Dataset entries: Begin

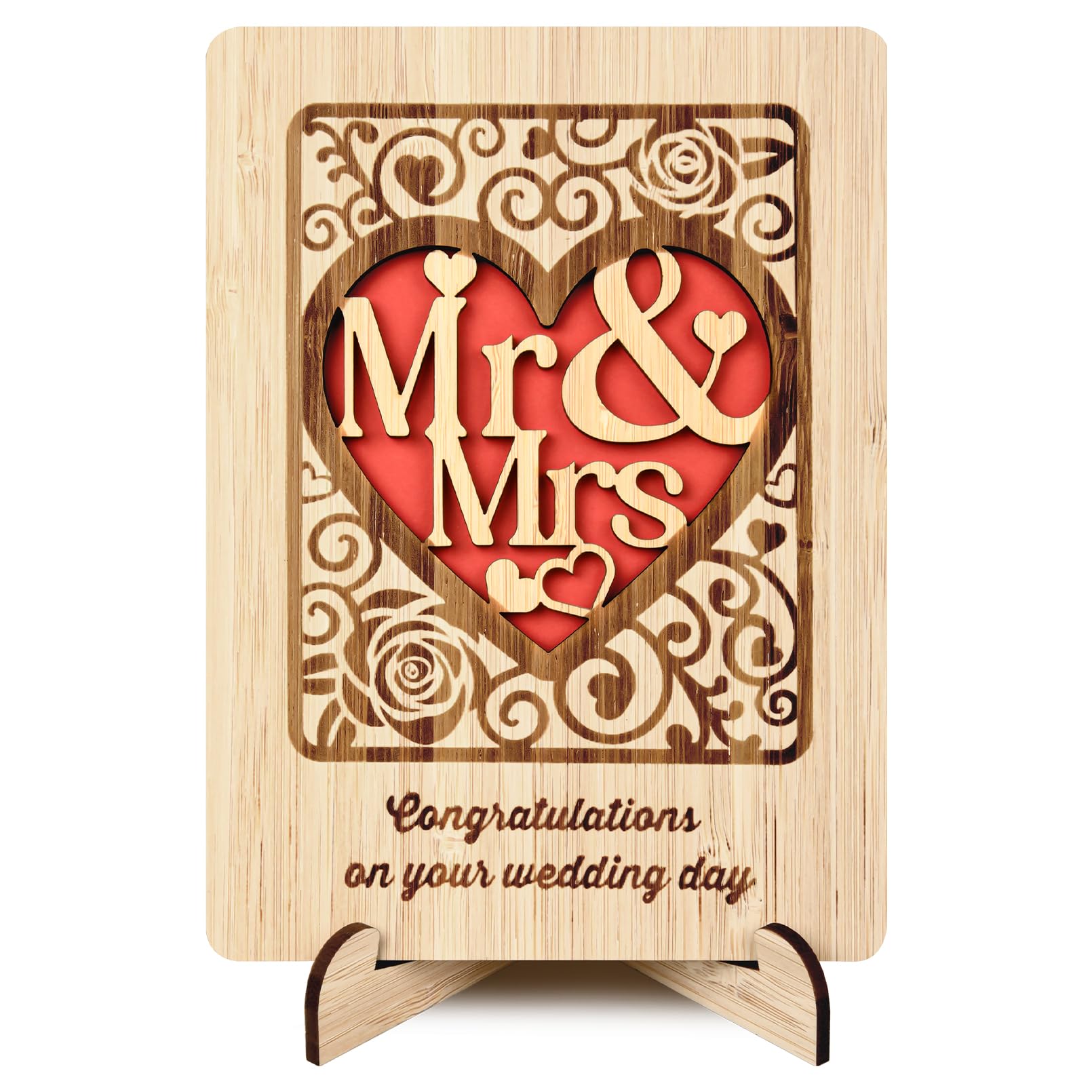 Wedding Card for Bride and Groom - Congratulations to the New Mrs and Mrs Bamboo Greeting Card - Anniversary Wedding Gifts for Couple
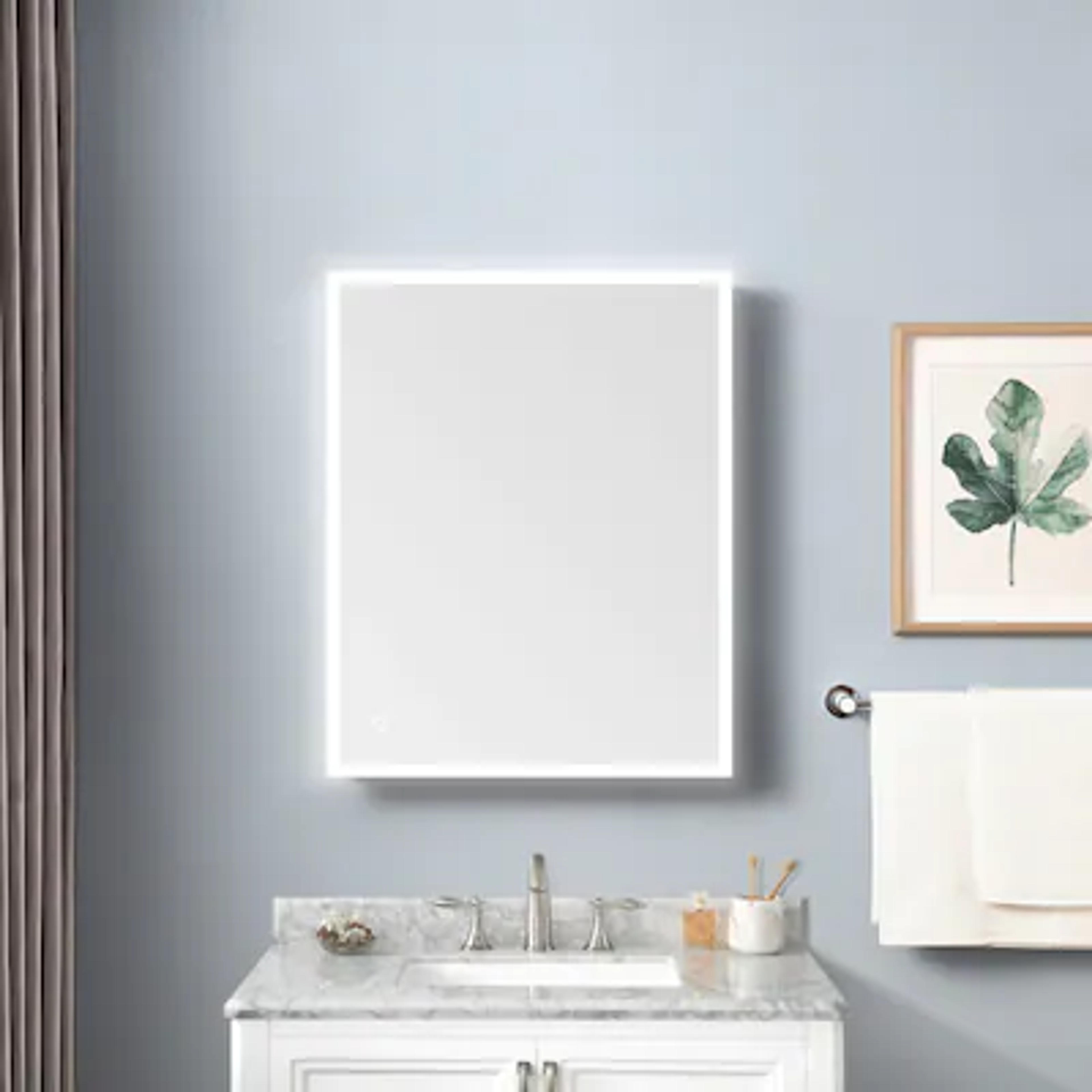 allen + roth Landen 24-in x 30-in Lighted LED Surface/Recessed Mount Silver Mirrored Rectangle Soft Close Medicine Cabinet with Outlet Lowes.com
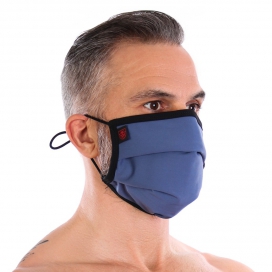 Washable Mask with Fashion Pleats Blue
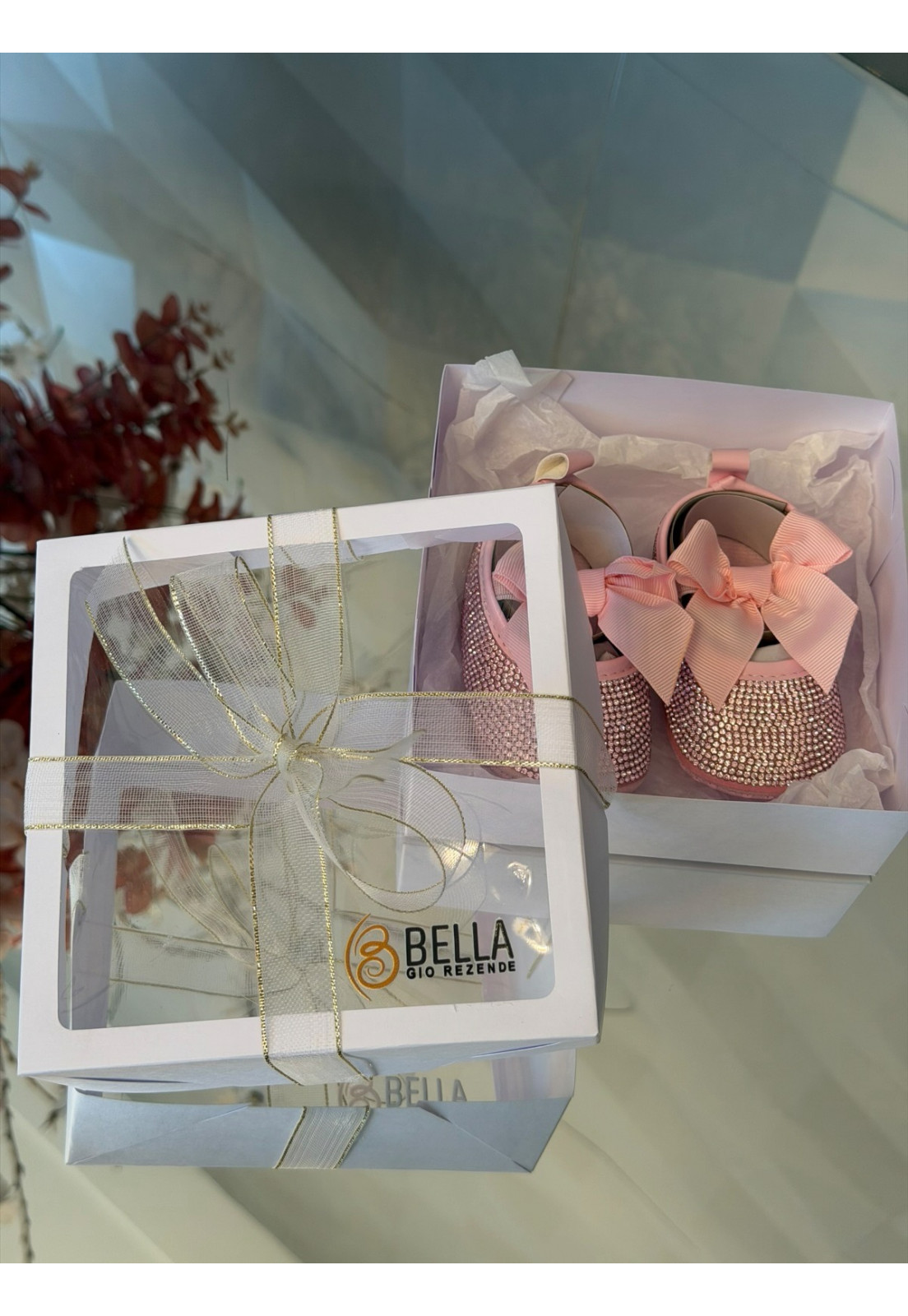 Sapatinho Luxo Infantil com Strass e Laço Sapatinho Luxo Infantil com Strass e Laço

Dataset entries: End
Dataset entries: Begin

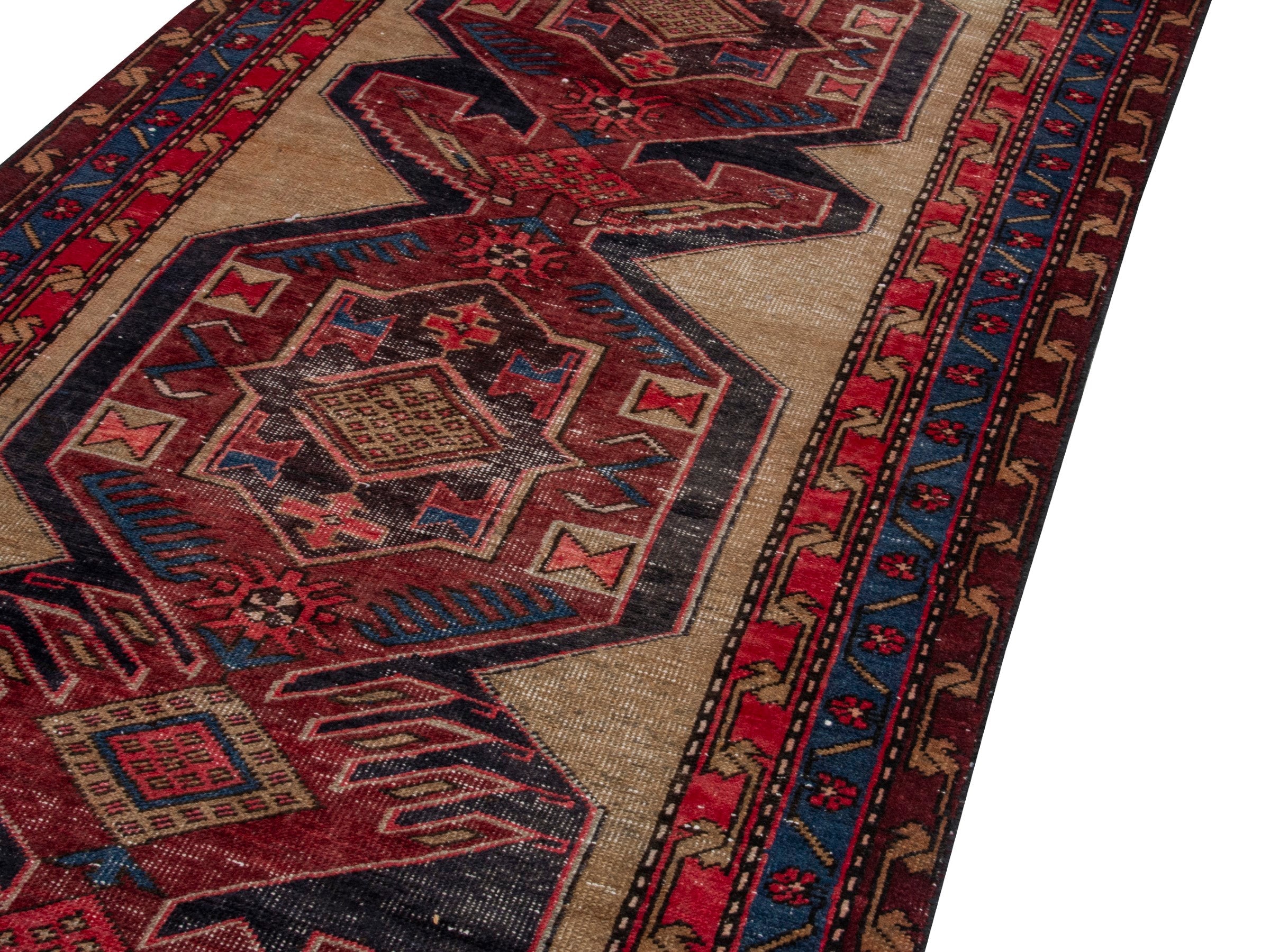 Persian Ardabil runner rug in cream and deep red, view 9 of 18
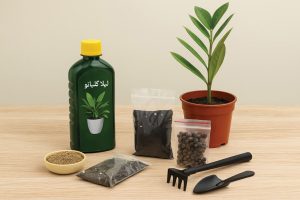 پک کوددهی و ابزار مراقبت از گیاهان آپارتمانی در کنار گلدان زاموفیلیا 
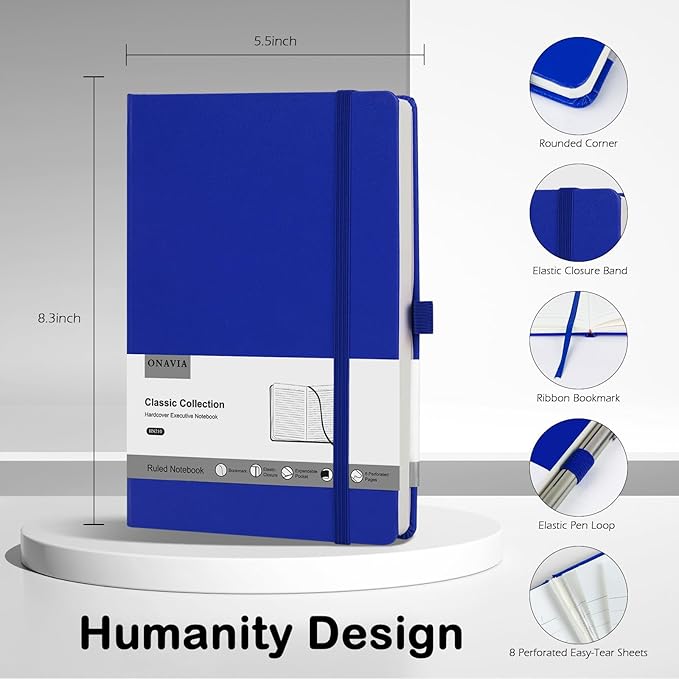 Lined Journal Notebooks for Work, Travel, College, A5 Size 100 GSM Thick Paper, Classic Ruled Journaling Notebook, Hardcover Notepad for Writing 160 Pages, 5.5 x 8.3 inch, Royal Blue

Dataset entries: End

### What you need to do
Look above for the line with "Washable Mask with Fashion Pleats Blue" and copy exactly from it through the line with "Sapatinho Luxo Infantil com Strass e Laço Sapatinho", both included. Omit the pictures.

### Solution for this problem
 Washable Mask with Fashion Pleats Blue
 Sapatinho Luxo Infantil com Strass e Laço Sapatinho Luxo Infantil com Strass e Laço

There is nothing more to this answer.